The United States and China are locked in a battle over trade that seems to be escalating by the day.
First, there were US tariffs on steel and aluminum imports. Then the United States proposed tariffs on $ 50 billion worth of Chinese goods, following an investigation into intellectual property theft. China said it would match the move with $ 50 billion in tariffs of its own, on items like aircraft and autos.
On Thursday, the situation intensified. President Donald Trump, angered at China’s response, said he’s considering an additional $ 100 billion in tariffs. The Chinese government said it doesn’t want to fight a trade war, but isn’t afraid to do so if necessary.
We asked CNN readers to share their questions about the dispute — what’s happened, where it’s headed and what it could mean for you.
Here are the answers to some initial questions (lightly edited for clarity). Have your own? You can submit it here, and it could be featured in a future story.

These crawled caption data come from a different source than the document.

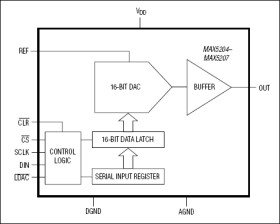 Low-Cost, Voltage-Output, 16-Bit DACs in µMAX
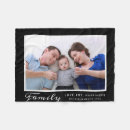 Search for words blankets Modern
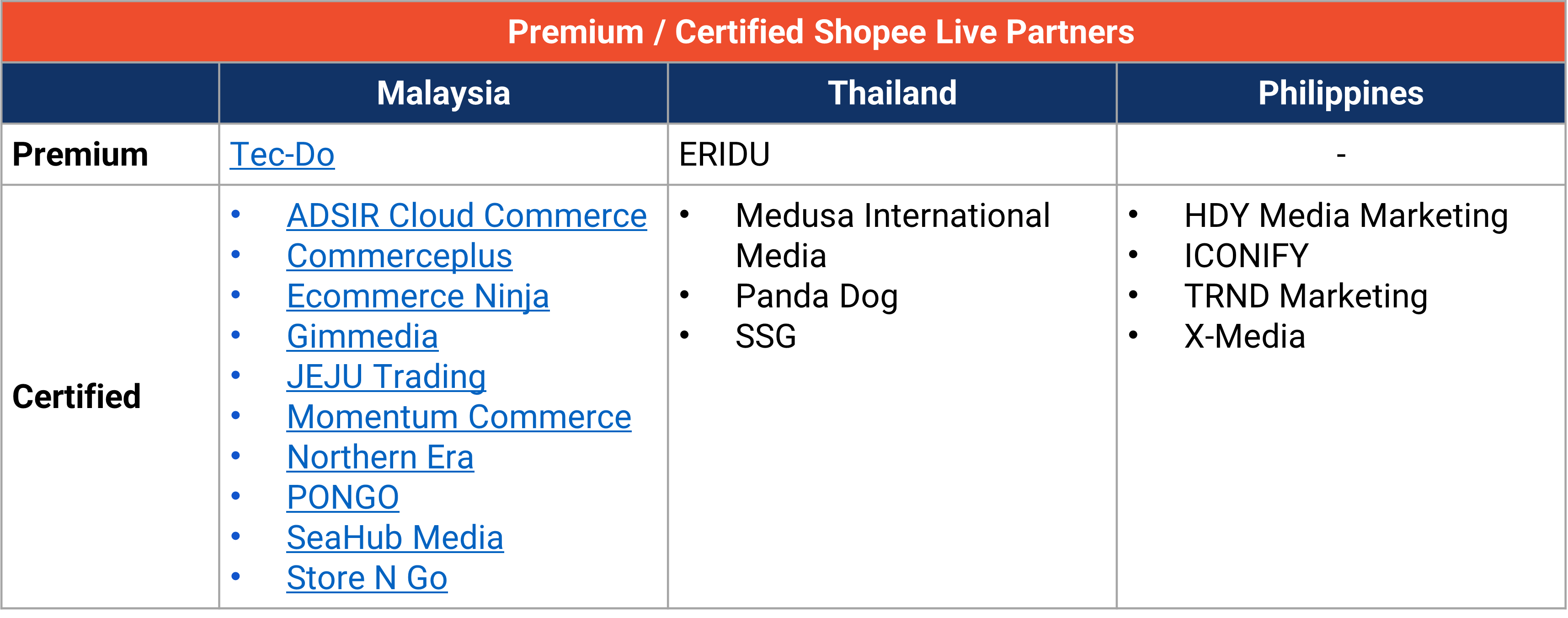 Get to know Shopee Live Partners | MY Seller [Shopee]
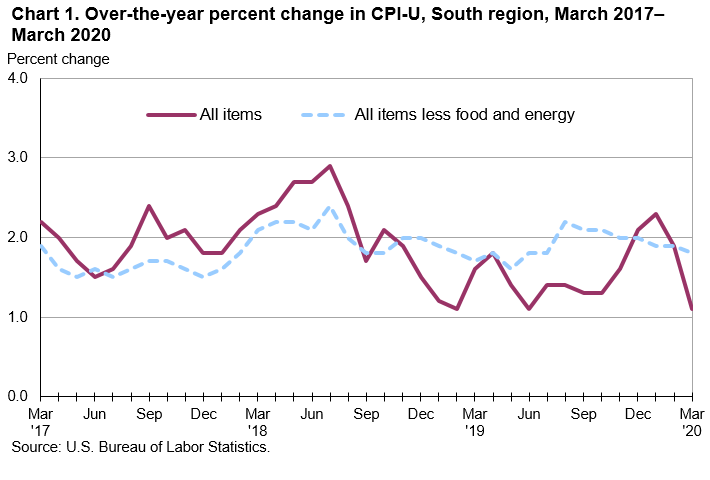 Chart 1. Over-the-year percent change in CPI-U, South region, March 2017–March 2020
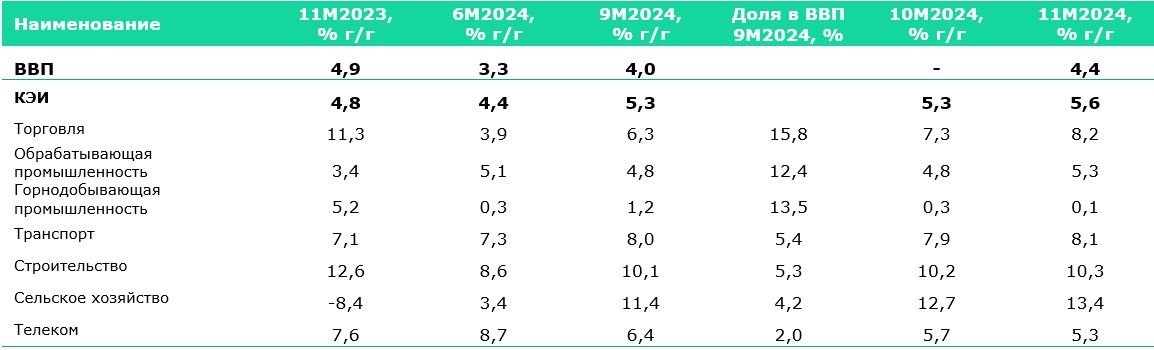 Динамика роста ВВП и отраслей в 2024 году, %  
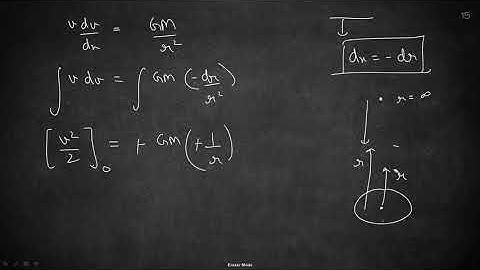 Question on Gravitation | Mechanics | IIT-JEE/NEET/JAM/JEST/DU/TIFR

Who has the upper hand in a trade war — the US or China? Which country stands to lose more?
It all depends on how you cut it.
The United States has one big advantage: It ships $ 130 billion worth of goods to China, while China send $ 505 billion worth of goods to the US. That means the United States has a much longer list of products it could target, should it need to.
However, China could be in a stronger situation politically than the United States. Chinese President Xi Jinping has absolute power and tools at his disposal to limit public dissent. Trump, meanwhile, has to contend with midterm elections, powerful lobby groups and a free press. He could be more vulnerable to public pressure if prices rise and business suffers because of the tariffs.

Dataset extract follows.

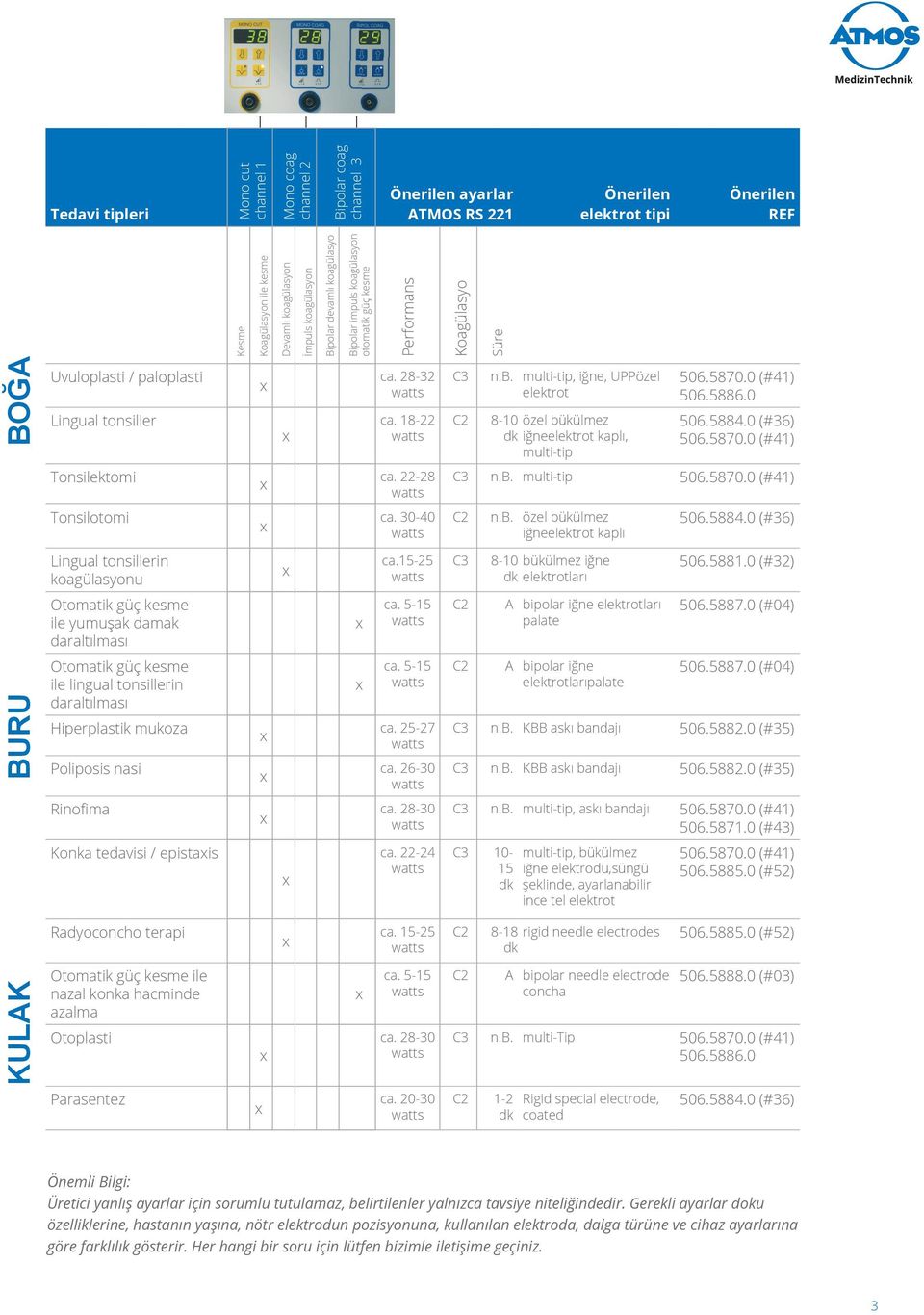 multi-tip, iğne, UPPözel elektrot C2 8-10 özel bükülmez dk iğneelektrot kaplı, multi-tip 506.580.0 (#1) 506.5886.0 506.588.0 (#36) 506.580.0 (#1) Tonsilektomi ca. 22-28 C3 n.b. multi-tip 506.580.0 (#1) Tonsilotomi ca.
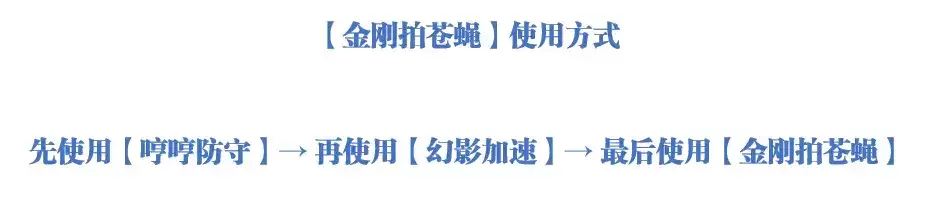 《灌篮高手》手游新角色：全面解析樱木花道的扩展天赋与潜在挑战-奇点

“Both sides would end up badly bruised. Politically, [China] may have more stomach for it than we do,” said Phil Levy, senior fellow at the Chicago Council on Global Affairs.
Which items should I stock up on before prices increase?

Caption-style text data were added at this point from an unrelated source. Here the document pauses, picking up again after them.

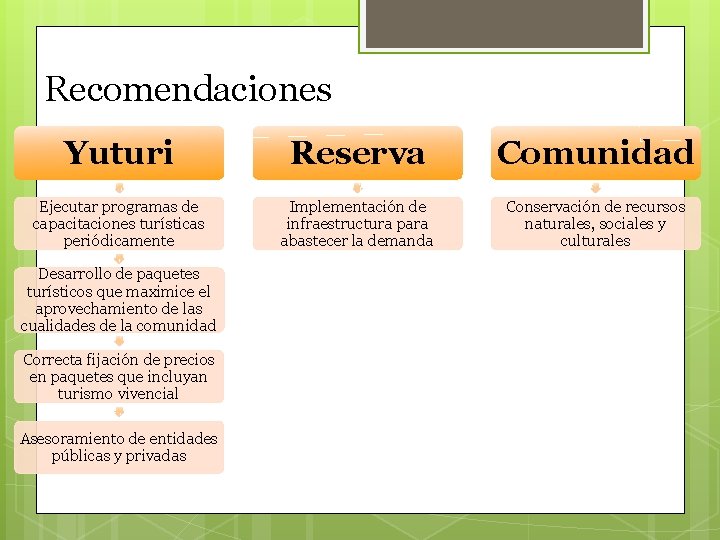 Recomendaciones Yuturi Reserva Comunidad Ejecutar programas de capacitaciones turísticas periódicamente Implementación de infraestructura para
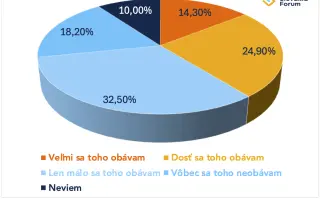 Kam patrí Slovensko? Zistime, čo si naozaj myslíme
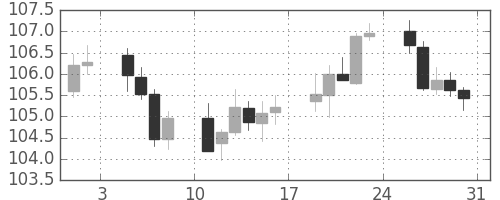スイスフラン/円の日足チャート(2013年8月)
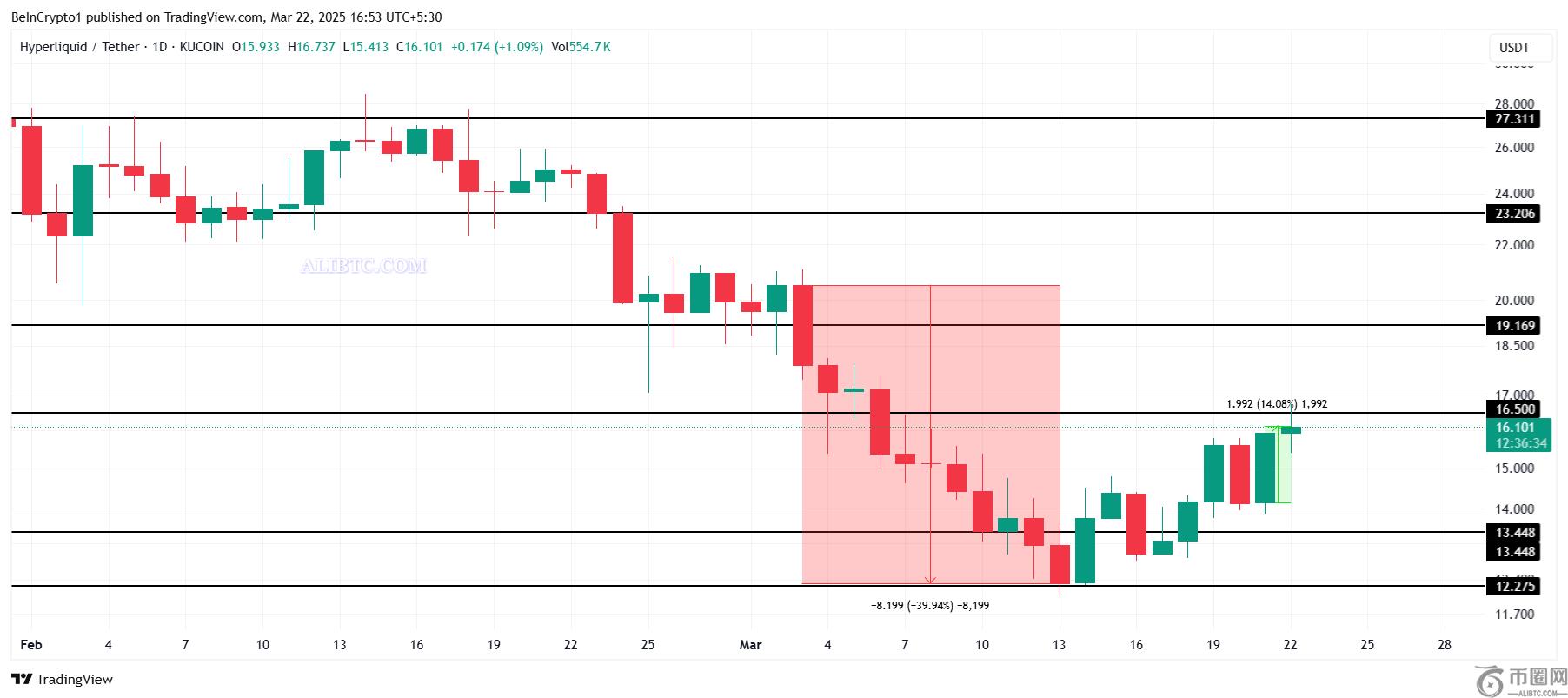 HYPE随着价格上涨12%，超流动性未平仓合约激增至4400万美元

Don’t race to the store just yet. The Trump administration has identified about 1,300 Chinese exports that could be targeted with 25% tariffs. Consumer electronics and various home appliances — including flat-screen TVs and dishwashers — could get more expensive if the government works off of this list, and companies decide to pass the cost of the new taxes on to customers.
But there’s still time for businesses to lobby the government to remove certain items from the list, and additional products can still be tacked on.
I often buy inexpensive clothing for myself and my family at stores like Old Navy and Target. Will the cost of our clothing go up because of the tariffs?
Clothing and shoes were excluded from the Trump administration’s initial list of the 1,300 Chinese exports.
But the retail industry is worried that apparel and footwear could still get hit. If Trump goes ahead with an additional $ 100 billion in tariffs on Chinese exports, he won’t have as many items to choose from. That could mean T-shirts and sneakers get thrown into the mix.
Will the trade fight affect my 401(k)?
It’s already is.
In the past week, the stock market has been volatile due to trade war fears, and your 401(k) account could take short-term hit. But day-to-day moves are tolerable for most 401(k) holders in the long run.
Bigger problems can arise if costs for companies go up because of the tariffs. US tariffs on China include many parts that go into products, like bolts. Higher production costs would lead to thinner profits, which could spook investors and sink stocks. Broader concerns about corporate earnings and global growth could eventually trigger a stock selloff.
Of course,if all this talk is just bluster, and no or few tariffs are ultimately applied, this period of volatility will pass — and a typical, diversified 401(k) will be just fine.
Is the threat of Intellectual property theft real? If so, is $ 50 billion in tariffs an appropriate response?
It’s widely accepted in the United States that China steals American companies’ software, patents and other technology.
Chinese firms, backed with government support and sometimes funding, force US companies that want to operate in China to go into joint ventures. That forces the US companies to share their secrets with similar Chinese companies. Eventually, the Chinese firm takes the technology, pushes out the US company and profits from it.
Everybody on the US side basically agrees that this is a problem. But there’s a debate about the right remedy.
The appropriate response is more about scope of the tariffs than the dollar value attached to them. If the US administration focused on punishing Chinese tech companies that had stolen US tech, that would be a very targeted, narrow approach.
The concern is that the US response will hit lots of Chinese industries, some of which may have nothing to do with intellectual property theft. The tariffs include some odd items like artificial teeth. It’s hard to argue that China stole those patents from the United States. (Caveat — we are not experts in the market for artificial teeth.)
Will the tariffs create US jobs?
The tariffs will certainly protect some jobs.
For example, Trump has already imposed a 25% tariff on imported steel from most countries. US steel companies have indicated they will hire more workers as a result of the tariff. Something similar couldplay out with the tariffs on China. If certain imports from China drop, American companies that make these products may need to ramp up production, which would boost hiring.
However, it’s an open question as to whether the tariffs — both on steel and on China — will save more jobs than they cost.
For instance, there are far more jobs in industries that use steel, like car companies, than companies that actually make steel. So the steel tariff is poised to hurt more jobs than it helps.